• What the task requires
Read the lines of the data below and retrieve those with "Desktop".

[Dataset excerpts]
•••••
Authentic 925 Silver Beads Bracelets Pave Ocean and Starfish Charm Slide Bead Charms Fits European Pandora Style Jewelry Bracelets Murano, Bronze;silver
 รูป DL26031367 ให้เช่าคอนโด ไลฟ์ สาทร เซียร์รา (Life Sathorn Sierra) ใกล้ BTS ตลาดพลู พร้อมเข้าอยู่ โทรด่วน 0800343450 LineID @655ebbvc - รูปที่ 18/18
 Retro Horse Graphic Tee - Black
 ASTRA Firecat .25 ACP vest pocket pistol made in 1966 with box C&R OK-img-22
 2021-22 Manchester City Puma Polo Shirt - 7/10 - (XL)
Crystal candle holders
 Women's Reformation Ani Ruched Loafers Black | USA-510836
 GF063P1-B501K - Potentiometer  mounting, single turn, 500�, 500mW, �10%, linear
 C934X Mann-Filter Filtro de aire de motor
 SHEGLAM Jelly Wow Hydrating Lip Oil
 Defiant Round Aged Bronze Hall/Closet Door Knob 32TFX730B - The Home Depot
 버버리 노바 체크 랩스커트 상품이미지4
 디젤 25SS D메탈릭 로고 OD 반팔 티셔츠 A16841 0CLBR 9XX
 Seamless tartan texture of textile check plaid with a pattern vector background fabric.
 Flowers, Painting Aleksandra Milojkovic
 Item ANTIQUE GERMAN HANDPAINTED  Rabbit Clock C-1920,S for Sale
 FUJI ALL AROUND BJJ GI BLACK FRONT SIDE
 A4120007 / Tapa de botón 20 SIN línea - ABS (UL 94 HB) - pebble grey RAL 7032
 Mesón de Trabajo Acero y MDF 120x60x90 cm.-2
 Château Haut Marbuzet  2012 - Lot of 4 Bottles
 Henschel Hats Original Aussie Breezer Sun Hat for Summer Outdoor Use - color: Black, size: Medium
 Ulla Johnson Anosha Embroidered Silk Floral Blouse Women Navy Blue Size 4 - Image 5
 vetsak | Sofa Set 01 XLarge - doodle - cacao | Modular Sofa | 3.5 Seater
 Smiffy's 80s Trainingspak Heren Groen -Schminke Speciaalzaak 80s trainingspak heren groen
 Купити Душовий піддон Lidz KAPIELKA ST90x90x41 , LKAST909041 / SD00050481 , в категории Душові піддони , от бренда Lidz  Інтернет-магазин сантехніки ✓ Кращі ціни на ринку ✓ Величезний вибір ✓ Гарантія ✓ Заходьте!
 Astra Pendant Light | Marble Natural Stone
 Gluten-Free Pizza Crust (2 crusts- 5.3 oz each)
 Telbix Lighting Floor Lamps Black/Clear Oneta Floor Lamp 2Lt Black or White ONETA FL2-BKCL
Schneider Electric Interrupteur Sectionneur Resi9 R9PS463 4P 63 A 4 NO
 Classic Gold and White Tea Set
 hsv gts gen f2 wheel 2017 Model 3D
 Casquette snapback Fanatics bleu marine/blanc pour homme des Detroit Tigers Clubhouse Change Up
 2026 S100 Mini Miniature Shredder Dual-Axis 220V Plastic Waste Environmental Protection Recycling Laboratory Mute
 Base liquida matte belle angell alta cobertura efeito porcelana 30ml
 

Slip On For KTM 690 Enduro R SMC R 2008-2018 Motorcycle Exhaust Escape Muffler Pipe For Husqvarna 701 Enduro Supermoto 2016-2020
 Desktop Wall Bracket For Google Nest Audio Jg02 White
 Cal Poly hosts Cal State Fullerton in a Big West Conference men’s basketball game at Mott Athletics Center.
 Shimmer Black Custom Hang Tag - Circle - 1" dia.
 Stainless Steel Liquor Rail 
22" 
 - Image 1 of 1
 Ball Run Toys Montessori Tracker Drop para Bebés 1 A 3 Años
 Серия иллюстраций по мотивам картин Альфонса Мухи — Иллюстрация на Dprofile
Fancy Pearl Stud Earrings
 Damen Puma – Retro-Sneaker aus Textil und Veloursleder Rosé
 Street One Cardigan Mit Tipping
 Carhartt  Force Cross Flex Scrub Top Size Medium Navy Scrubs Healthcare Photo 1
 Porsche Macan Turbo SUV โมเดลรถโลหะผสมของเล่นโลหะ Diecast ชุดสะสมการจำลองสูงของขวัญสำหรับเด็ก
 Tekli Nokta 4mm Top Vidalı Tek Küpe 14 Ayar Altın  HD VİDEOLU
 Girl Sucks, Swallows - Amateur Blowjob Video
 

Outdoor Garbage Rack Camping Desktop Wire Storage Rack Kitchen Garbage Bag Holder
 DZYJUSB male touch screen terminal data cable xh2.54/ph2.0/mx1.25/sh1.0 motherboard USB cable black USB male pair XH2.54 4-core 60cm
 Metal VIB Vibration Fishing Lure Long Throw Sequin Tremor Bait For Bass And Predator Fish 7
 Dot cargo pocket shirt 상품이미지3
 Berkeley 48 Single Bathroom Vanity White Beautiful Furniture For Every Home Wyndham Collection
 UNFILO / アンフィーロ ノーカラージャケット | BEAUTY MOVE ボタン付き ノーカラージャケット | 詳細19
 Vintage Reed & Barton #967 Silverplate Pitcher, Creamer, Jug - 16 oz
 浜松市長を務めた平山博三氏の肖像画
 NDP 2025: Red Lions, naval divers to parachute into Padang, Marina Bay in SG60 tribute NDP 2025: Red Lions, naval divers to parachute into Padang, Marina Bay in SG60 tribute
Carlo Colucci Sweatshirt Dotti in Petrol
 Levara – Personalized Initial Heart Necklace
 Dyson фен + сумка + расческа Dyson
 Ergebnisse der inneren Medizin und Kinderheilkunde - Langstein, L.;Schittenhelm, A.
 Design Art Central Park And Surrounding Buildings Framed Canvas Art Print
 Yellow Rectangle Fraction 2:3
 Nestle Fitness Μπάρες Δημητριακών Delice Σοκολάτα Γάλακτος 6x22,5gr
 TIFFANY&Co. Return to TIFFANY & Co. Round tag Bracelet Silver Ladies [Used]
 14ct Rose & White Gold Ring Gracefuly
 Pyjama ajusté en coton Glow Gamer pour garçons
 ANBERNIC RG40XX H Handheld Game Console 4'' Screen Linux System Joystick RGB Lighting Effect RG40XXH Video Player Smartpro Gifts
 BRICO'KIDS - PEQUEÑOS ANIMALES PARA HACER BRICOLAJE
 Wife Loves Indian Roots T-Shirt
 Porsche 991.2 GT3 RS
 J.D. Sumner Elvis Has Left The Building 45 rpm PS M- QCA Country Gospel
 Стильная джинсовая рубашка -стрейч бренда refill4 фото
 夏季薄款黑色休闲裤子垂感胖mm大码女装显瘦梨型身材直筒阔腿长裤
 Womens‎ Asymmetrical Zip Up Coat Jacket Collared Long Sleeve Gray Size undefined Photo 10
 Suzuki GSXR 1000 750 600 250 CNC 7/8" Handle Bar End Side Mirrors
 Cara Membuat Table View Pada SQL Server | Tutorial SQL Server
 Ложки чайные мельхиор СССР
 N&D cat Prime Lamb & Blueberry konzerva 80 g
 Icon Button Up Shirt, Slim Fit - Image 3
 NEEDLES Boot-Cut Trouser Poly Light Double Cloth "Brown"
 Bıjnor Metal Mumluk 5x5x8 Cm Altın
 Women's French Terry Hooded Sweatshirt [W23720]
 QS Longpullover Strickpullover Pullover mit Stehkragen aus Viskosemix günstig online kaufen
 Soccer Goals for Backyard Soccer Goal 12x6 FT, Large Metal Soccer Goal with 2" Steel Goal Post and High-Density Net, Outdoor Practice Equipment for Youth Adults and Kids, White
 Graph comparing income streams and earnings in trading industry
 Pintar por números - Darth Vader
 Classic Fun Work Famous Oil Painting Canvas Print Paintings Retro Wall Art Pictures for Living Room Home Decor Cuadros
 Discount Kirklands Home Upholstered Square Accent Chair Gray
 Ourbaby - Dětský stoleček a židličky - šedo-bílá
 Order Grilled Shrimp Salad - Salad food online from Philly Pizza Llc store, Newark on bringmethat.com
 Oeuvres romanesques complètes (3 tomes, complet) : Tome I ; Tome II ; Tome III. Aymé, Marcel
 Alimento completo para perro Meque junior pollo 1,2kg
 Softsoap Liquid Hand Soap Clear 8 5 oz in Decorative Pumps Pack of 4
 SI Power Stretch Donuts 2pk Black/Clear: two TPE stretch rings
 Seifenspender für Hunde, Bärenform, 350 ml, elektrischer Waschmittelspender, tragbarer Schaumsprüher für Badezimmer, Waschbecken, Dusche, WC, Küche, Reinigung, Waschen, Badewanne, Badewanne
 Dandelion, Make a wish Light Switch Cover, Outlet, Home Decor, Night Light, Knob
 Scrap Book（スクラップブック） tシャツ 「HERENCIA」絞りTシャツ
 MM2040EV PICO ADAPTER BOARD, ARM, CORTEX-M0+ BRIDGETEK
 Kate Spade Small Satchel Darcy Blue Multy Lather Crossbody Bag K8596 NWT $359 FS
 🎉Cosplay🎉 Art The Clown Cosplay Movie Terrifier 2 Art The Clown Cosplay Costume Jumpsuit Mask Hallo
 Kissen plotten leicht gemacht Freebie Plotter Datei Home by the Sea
•••••
• Task solution
 Desktop Wall Bracket For Google Nest Audio Jg02 White
Outdoor Garbage Rack Camping Desktop Wire Storage Rack Kitchen Garbage Bag Holder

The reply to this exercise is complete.